=== Begin Enclosure ===
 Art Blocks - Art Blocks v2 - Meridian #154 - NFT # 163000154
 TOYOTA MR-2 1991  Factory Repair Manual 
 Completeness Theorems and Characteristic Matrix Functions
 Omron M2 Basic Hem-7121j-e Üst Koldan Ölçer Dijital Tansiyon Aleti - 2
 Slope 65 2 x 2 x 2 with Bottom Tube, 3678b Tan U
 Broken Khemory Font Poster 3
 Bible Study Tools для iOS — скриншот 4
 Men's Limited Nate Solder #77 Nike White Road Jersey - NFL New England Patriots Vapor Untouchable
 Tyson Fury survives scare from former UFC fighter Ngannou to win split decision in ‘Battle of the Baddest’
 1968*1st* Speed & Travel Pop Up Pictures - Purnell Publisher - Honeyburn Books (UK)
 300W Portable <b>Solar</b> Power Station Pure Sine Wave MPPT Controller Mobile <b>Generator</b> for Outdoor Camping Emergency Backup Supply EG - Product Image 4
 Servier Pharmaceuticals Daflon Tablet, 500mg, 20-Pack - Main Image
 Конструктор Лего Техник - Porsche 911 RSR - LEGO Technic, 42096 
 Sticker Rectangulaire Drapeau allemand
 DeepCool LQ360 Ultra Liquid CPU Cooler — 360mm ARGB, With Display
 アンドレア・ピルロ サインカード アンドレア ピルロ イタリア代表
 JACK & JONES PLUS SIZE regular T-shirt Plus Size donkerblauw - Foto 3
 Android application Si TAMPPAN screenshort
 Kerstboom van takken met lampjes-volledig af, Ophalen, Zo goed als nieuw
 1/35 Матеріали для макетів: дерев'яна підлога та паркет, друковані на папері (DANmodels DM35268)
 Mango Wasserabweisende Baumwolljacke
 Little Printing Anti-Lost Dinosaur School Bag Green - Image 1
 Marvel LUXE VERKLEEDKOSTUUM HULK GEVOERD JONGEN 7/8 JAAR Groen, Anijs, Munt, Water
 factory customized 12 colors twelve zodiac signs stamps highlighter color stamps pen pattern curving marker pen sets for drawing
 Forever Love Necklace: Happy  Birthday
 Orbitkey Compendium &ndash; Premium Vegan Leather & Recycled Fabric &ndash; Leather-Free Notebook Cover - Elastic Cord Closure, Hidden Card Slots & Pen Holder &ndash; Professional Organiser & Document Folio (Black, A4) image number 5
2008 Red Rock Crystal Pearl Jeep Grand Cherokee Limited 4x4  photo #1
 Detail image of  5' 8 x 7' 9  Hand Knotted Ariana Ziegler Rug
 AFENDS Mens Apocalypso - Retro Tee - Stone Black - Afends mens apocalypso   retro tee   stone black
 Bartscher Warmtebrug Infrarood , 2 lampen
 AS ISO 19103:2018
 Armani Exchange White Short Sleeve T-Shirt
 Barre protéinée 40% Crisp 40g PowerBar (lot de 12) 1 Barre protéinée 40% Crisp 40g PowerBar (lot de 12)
=== End Enclosure ===
◆ **Task brief**:
Wherever the word "Black" occurs in a line of the listing, copy that line.

◆ **Answer section**:
 Orbitkey Compendium &ndash; Premium Vegan Leather & Recycled Fabric &ndash; Leather-Free Notebook Cover - Elastic Cord Closure, Hidden Card Slots & Pen Holder &ndash; Professional Organiser & Document Folio (Black, A4) image number 5
 AFENDS Mens Apocalypso - Retro Tee - Stone Black - Afends mens apocalypso   retro tee   stone black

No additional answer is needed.